Dessarte, embora seja certo que, anteriormente às Leis n. 8.971/1994 e 9.278/1996, não havia legislação dispondo a respeito dos bens adquiridos durante o concubinato (união estável), existia, inequivocamente, o reconhecimento de que desta relação exsurgia direitos de natureza patrimonial e que estes deveriam ser reconhecidos. […] mesmo antes da correspondente regulamentação, o reconhecimento de que, como entidade familiar que é, a união estável pressupõe a intenção dos seus membros de comungar esforços para o alcance de objetivos que lhes são comuns, sejam eles patrimoniais ou extrapatrimoniais. 5. Essa comunhão de esforços não se restringe à mera contribuição financeira, porque, na divisão de tarefas do cotidiano familiar, outras atividades existem, de igual importância e necessidade para a harmonia do convívio de todos os integrantes e a construção do almejado patrimônio. 6. A tese de que até o advento da Lei 9.278/96 se exige a comprovação do esforço comum, para que tenha o companheiro direito à metade dos bens onerosamente adquiridos na constância da união estável, é construção jurisprudencial que não se coaduna com a natureza própria de entidade familiar, conferida, muito antes, pela Constituição Federal, sob cujos influxos axiológicos deve ser interpretado todo o Direito infraconstitucional. […] a formação da família pressupõe o empenho mútuo, no plano material e/ou imaterial, necessário à realização plena de seus integrantes -, a solução da controvérsia outra não deve ser senão a de reconhecer, salvo as exceções legais ou se pactuado diversamente pelos companheiros, o emprego do esforço comum para a aquisição onerosa de bens no curso da vida a dois.[6]

 

A necessidade de se atentar a esta realidade, inclusiva, é imposta pelo Conselho Nacional de Justiça ao tornar obrigatória a aplicação do Protocolo para Julgamento com Perspectiva de Gênero.[7]

Ou seja, não há como se falar em ofensa ao direito adquirido e ao ato jurídico perfeito para impedir a partição do patrimônio   a partir da vigência da regra constitucional e antes da regulamentação da união estável levada a efeito seis anos depois.

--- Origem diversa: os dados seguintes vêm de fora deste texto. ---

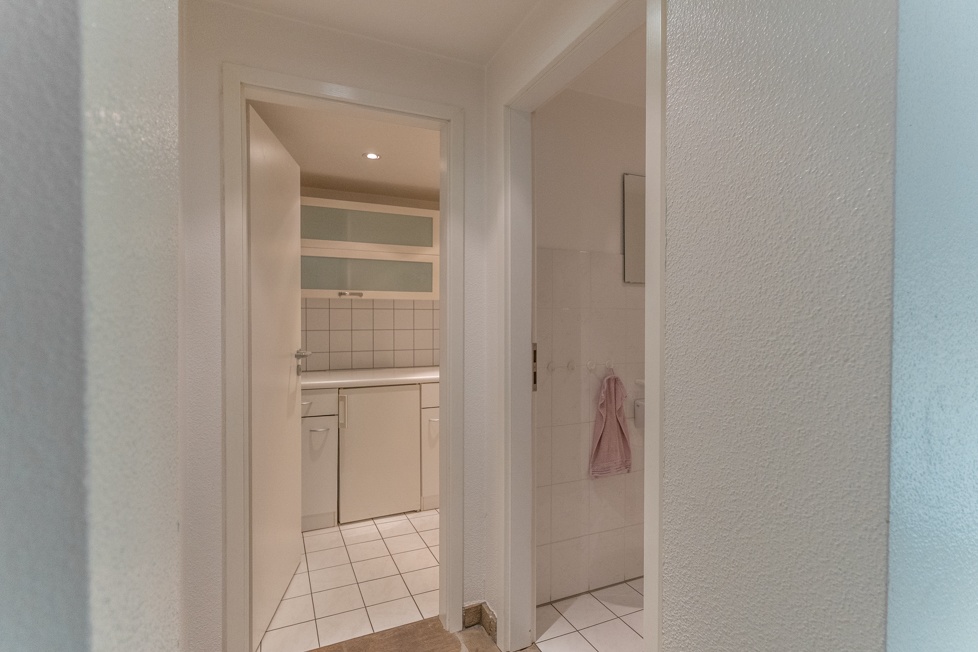 Zwischendiele vor dem WC udn der Küche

Afinal, os bens foram amealhados por ambos.

Absolutamente desarrazoado insistir na subtração de efeitos patrimoniais à união estável, mantendo ao desabrigo jurídico uma entidade familiar consagrada constitucionalmente. É, nada menos, do que condenar à invisibilidade quem sempre foi alvo da rejeição social. É chancelar verdadeiro retrocesso.

Assim, independentemente da data de início da união estável, é indispensável reconhecer que vigora entre os companheiros o regime da comunhão parcial de bens, presumindo-se o esforço comum para a divisão igualitária do patrimônio.

 

 

 

[1] TJRS – AC 590069308, 8ª C. Cív., Rel. Maria Berenice Dias, j. 20/12/1990.

[2] STF – RE 878694, Rel. Min. Roberto Barroso, Tribunal Pleno, j. 10-05-2017.

 

[3] STF – Súmula 380: Comprovada a existência de sociedade de fato entre os concubinos, é cabível a sua dissolução judicial, com a partilha do patrimônio adquirido pelo esforço comum.

[4] (…) O esforço comum não se limita a contribuição material, abrangendo também o apoio moral em todo o relacionamento, diante da solidariedade que sempre deve nortear a relação. (…) (TJPR – AC 6332185 PR 0633218-5, 11ª T., Rel. Vilma Régia Ramos de Rezende, j. 14/07/2010).

[5] STJ – REsp 1337821/MG,3ª T., Rel. Min. Nancy Andrighi,  j. 21/11/2013.

[6] STJ – REsp 1124859/MG, 2ª Seção,  Rel. Min. Luis Felipe Salomão, Rel. p/ Ac. Min. Isabel Gallotti,  j. 21/11/2013.

[7] CNJ – Recomendação 128/2022 e Resolução 492/2023.